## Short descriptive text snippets
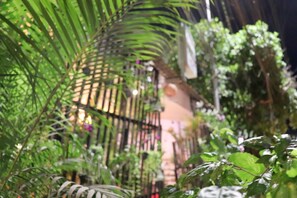 A lush indoor garden with various plants and a metal trellis structure. - Angkor Sangrith Hostel (Siem Reap)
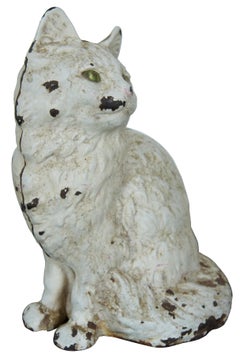 Antique Hubley Cast Iron White Persian Cat w Green Eyes Doorstop #802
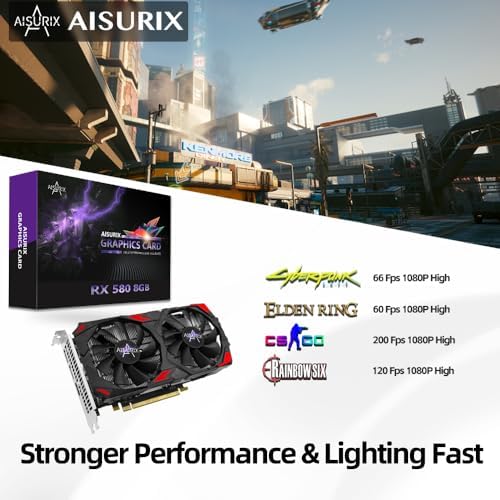 AISURIX RX 580 Graphics Card  2048SP  Real 8GB  GDDR5  256 Bit  Pc Gaming Video Card  2XDP  HDMI  PCI Express 3 0 with Freeze Fan Stop for Desktop Computer Gaming Gpu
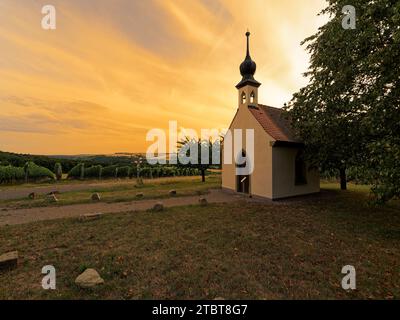 Petite chapelle dans les vignes près de Lindach am main au coucher du soleil, quartier de Schweinfurt, Basse-Franconie, Franconie, Bavière, Allemagne Banque D'Images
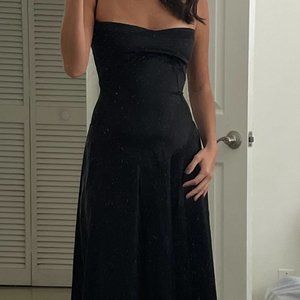 HOUSE OF CB 'Anabella' Black Lace Up Maxi Dress NWOT size M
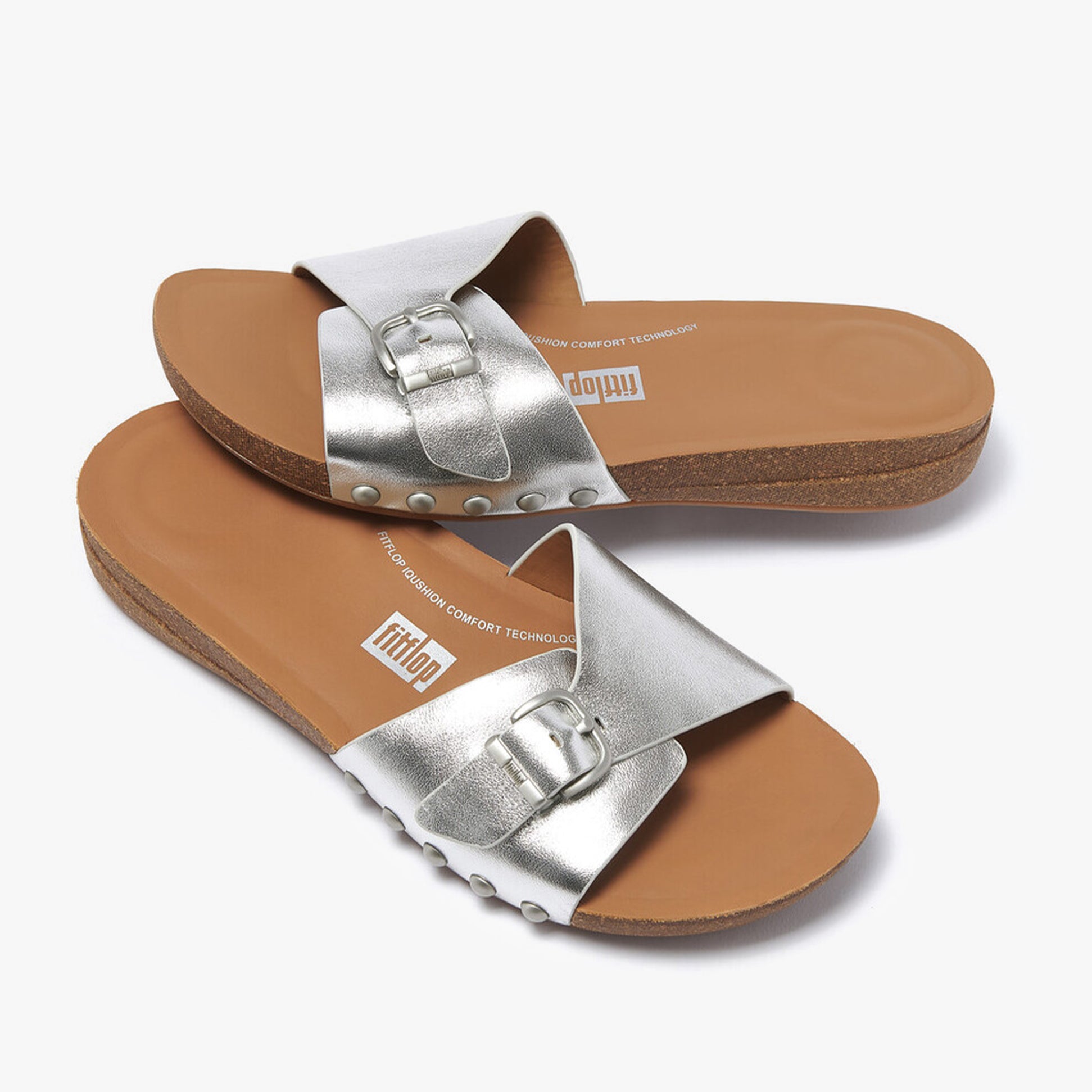 FitFlop iQUSHION ADJUSTABLE METALLIC Womens Slides Silver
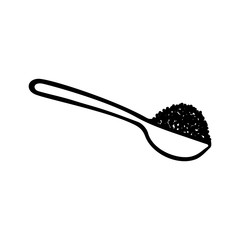 Spoon icon, line sign vector illustration on white background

## PROBLEM DESCRIPTION
When you copy the data above, keep each line exact and omit the pictures.

## SOLUTION
 A lush indoor garden with various plants and a metal trellis structure. - Angkor Sangrith Hostel (Siem Reap)
 Antique Hubley Cast Iron White Persian Cat w Green Eyes Doorstop #802
 AISURIX RX 580 Graphics Card  2048SP  Real 8GB  GDDR5  256 Bit  Pc Gaming Video Card  2XDP  HDMI  PCI Express 3 0 with Freeze Fan Stop for Desktop Computer Gaming Gpu
 Petite chapelle dans les vignes près de Lindach am main au coucher du soleil, quartier de Schweinfurt, Basse-Franconie, Franconie, Bavière, Allemagne Banque D'Images
 HOUSE OF CB 'Anabella' Black Lace Up Maxi Dress NWOT size M
 FitFlop iQUSHION ADJUSTABLE METALLIC Womens Slides Silver
 Spoon icon, line sign vector illustration on white background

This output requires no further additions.